> _TASK DIRECTIONS_: Your copy starts at the line containing "Mengenang Akhir Perang, Menyuarakan" and ends at the last line of the material below. Reproduce those lines exactly, with no pictures.

> _DATA IN THIS EXERCISE_:
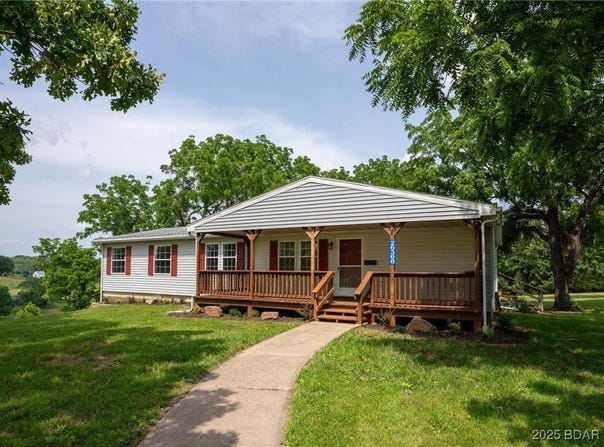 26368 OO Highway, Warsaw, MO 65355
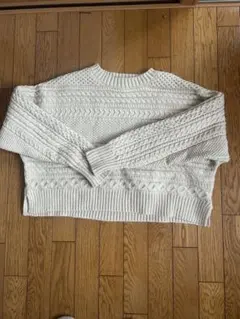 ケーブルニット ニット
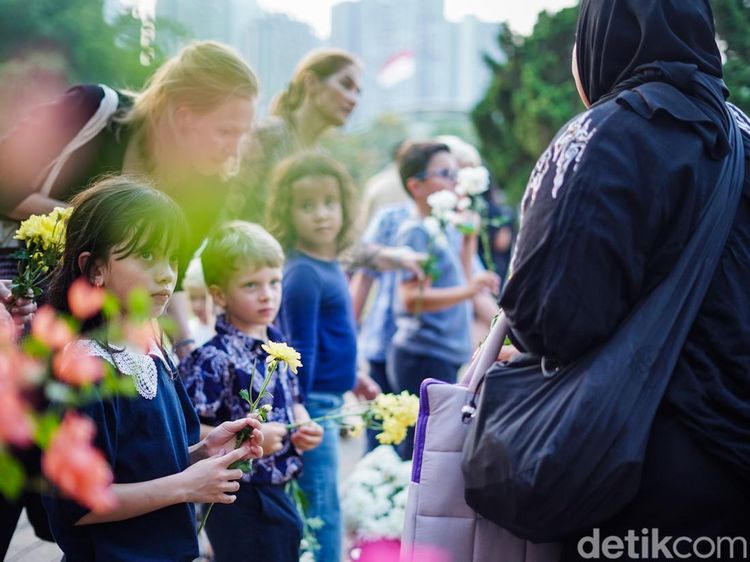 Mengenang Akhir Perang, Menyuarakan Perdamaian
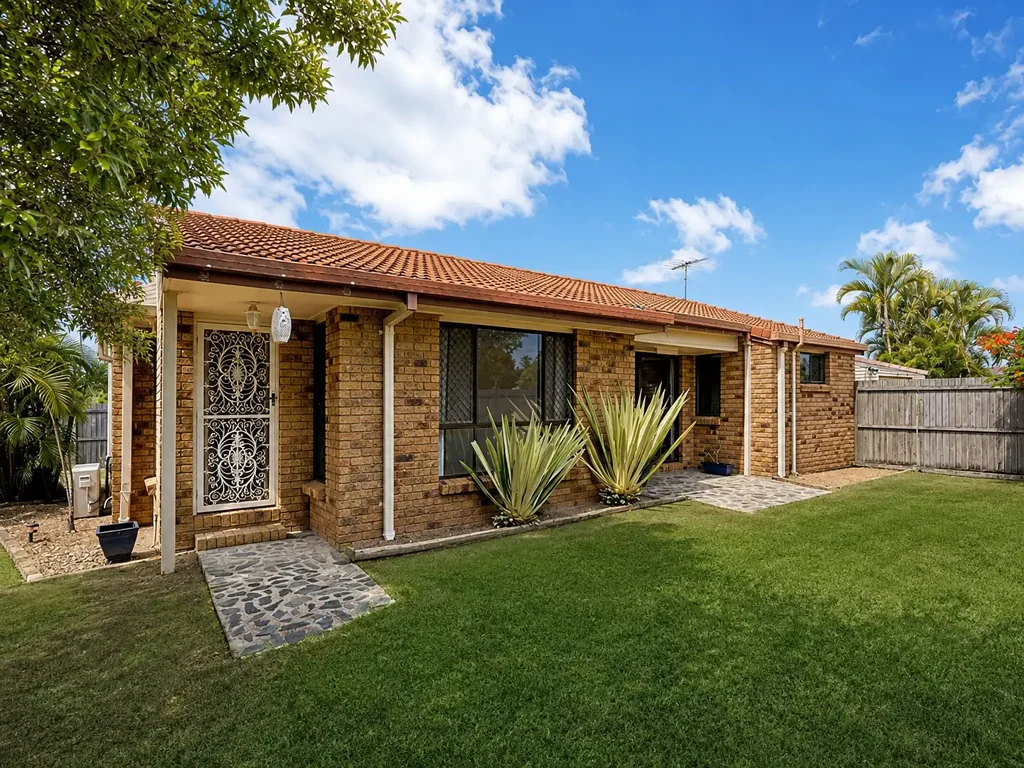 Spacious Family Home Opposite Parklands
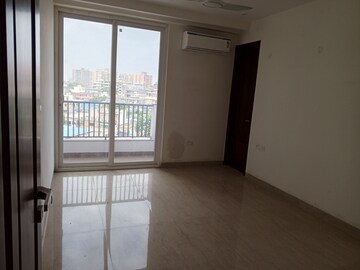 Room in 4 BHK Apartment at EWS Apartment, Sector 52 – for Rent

> _SOLUTION TO THE PROBLEM_:
 Mengenang Akhir Perang, Menyuarakan Perdamaian
 Spacious Family Home Opposite Parklands
 Room in 4 BHK Apartment at EWS Apartment, Sector 52 – for Rent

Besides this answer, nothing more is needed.